Wakil Ketua Komisi IV DPR RI, Panggah Susanto: Produktivitas Sawit Kunci Keberhasilan Program B40

Wakil Ketua Komisi IV DPR RI, Panggah Susanto, menyatakan peningkatan produktivitas sawit menjadi kunci utama agar kebijakan Mandatory B40 tidak mengganggu kebutuhan domestik seperti minyak goreng dan bahan baku industri.

BERITA

Arsad Ddin

27 Juni 2025
Bagikan :

Wakil Ketua Komisi IV DPR RI Fraksi Partai Golkar, Panggah Susanto (Foto: faksigolkar.com)

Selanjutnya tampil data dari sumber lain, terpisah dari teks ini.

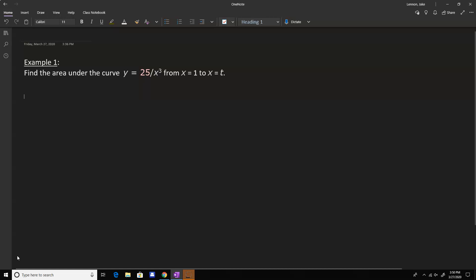Hello everyone, this is Dr. Lennon, and we're going to go over a few examples on improper integrals that relate to some of the questions from our homework. So let's just jump right in.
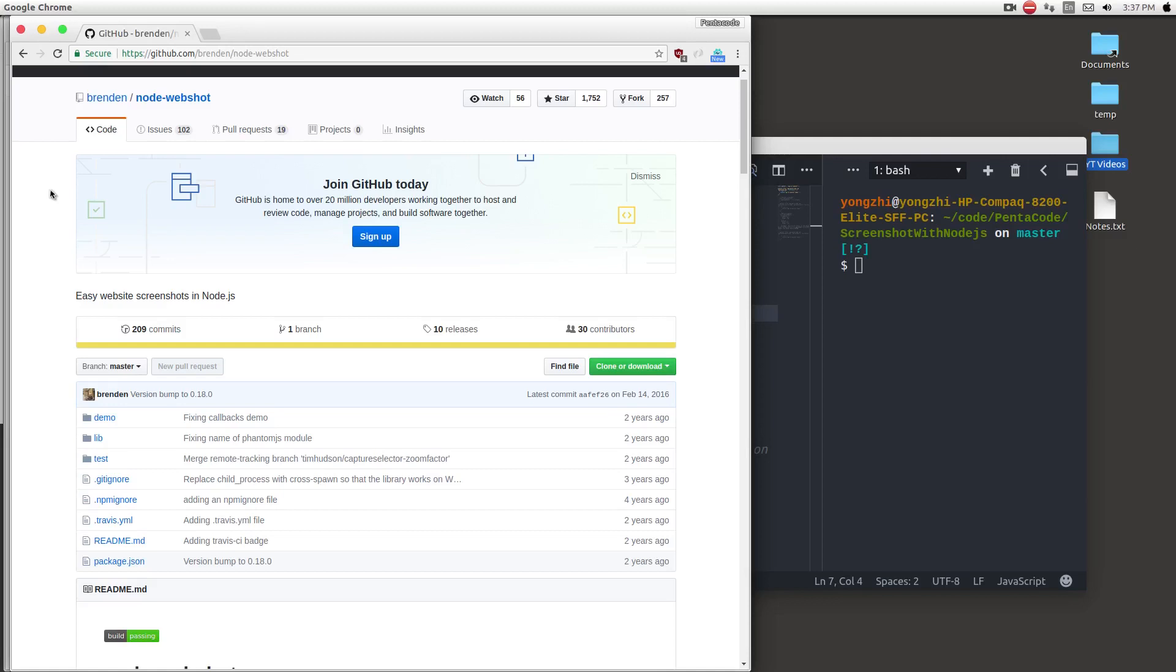So I went around the web and searched for a nice little library to help me with that, and node webshot is the library that I found that's pretty useful and very powerful. It's a wrapper built on top of phantom.js, a webkit based headless browser, and it can do pretty much everything phantom.js can do, but this one is built specifically to take screenshots. So let's take a look at how we can use it.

Jakarta, HAISAWIT – Pemerintah terus mendorong pemanfaatan energi terbarukan berbasis sawit melalui kebijakan Mandatory B40. Kebijakan ini dinilai berperan penting dalam memperkuat ketahanan energi nasional dan mengurangi ketergantungan terhadap impor bahan bakar minyak.

Wakil Ketua Komisi IV DPR RI, Panggah Susanto, mengingatkan bahwa peningkatan produktivitas perkebunan sawit menjadi faktor utama dalam menjaga kelangsungan program tersebut. Ia menekankan perlunya upaya serius dalam pengelolaan sumber daya sawit nasional.

"Kebijakan Mandatory B40, menjadi langkah strategis mengurangi ketergantungan Impor minyak jenis solar selama ini, kita memiliki sumberdaya Sawit yang melimpah, maka harus dimaksimalkan pengelolaan dan pemanfaatannya untuk meningkatkan ketahanan dan kemandirian energi bangsa yang menjadi cita cita bapak Presiden," ujar Panggah dalam keterangannya, Rabu (25/6/2025).

Panggah juga menyoroti situasi global yang dinilai memberi dampak signifikan terhadap pasokan energi. Oleh sebab itu, pengembangan energi alternatif seperti biodiesel dianggap sebagai langkah antisipatif.

"Kebijakan mandatory B35 ke B40 dan pemanfaatan energi terbarukan lainnya sangat relevan dikaitkan dg kondisi geopolitik global yg semakin tidak menentu dengan eskalasi perang di berbagai wilayah dunia yang dapat memicu krisis energi," ujarnya.

Penerapan B40 membutuhkan pasokan minyak sawit mentah (CPO) dalam jumlah besar. Pemerintah melalui Keputusan Menteri ESDM No 341.K/EK.01/MEM.E/2024 menetapkan pemanfaatan Bahan Bakar Nabati jenis Biodiesel 40 persen dalam solar mulai berlaku sejak 1 Januari 2025.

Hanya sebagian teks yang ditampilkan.